Durham Night In, an Instagram page calling for a boycott of venues in the city, shared a shocking table claiming to list the most prolific spiking hotspots among popular bars.
While many of the incidents were reported as involving "unknown substances", other victims claim to have been laced with Class A drug MDMA, and horse tranquiliser, Ketamine
The table seen by The Mirror and compiled by Durham students contains a list of 11 venues with additional details about each case.
Several bars have said they are bolstering security in the wake of city-wide reports of spiking.
One bar said to be most prolific has increased door staff numbers and will be carrying out more searches.
Students were enraged by a Durham University Wellbeing post that said 'don't get spiked'
Other measures include staff carrying out drug searches on each other, higher resolution CCTV cameras and lids for their plastic pint glasses.
It said it will pass on anyone caught spiking to the police.
Other bars said to be particular hotspots for the crime also released similar statements.
It comes after the university came under fire for posting a tweet about how students can "prevent" being spiked.
The Durham University Student Wellbeing account told students "don't get spiked" and advised people to protect others by reporting cases to police.
The tweet, which has now been deleted, read: "Drink Spiking is dangerous and something that you can prevent from happening to you and your friends.

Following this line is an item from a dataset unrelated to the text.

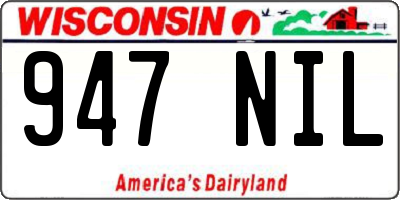 WI license plate 947NIL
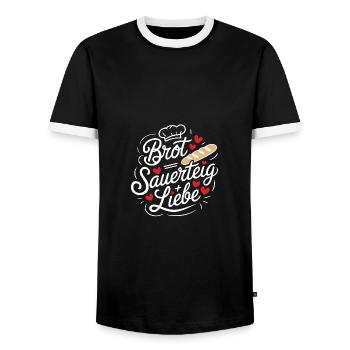 Backen ist Sauerteig und Liebe - Männer Kontrast-T-Shirt - Schwarz/Weiß - Vorne - AI Model Female 172 light (172cm) & AI Model Male 178 light (178cm)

Data collected by an Instagram page calling for a boycott of Durham nightclubs reportedly released a summary showing reports of widespread spiking with MDMA and Ketamine during Fresher's Week
"#dontgetspiked Contact the police as soon as possible in a suspected case so an investigation can be conducted and others protected."
Students have been left outraged as student leaders have said it is "victim-blaming, ChronicleLive reports.
Durham Students' Union President Seun Twins shared the post with the message: "This victim-blaming messaging is extremely dangerous.
"What was this supposed to achieve other than to divert attention away from predators and predatory behaviour? Disappointed for the umpteenth time."
Jonah Graham, Durham SU Welfare and Liberation Officer also expressed their disappointment in the post.
He added: "Disappointing. Spiking is assault so this hashtag is widely inappropriate.
"The uni should help students to stay safe (e.g. providing drink covers) and report incidents without insensitively blaming victims.
"All guilt lies with perpetrators – the primary focus must be on them."
A spokesperson for Durham University said: "We appreciate the feedback on our recent post about drink safety.
"Students have reported concerns to us about drink spiking on nights out.
"We take this very seriously and work with the police and others on guidance to help people be safe and report incidents.
"We also regularly train staff and student representatives on drug and alcohol awareness.
"We always aim to support our students and take opportunities to learn and improve our messaging on important topics like this."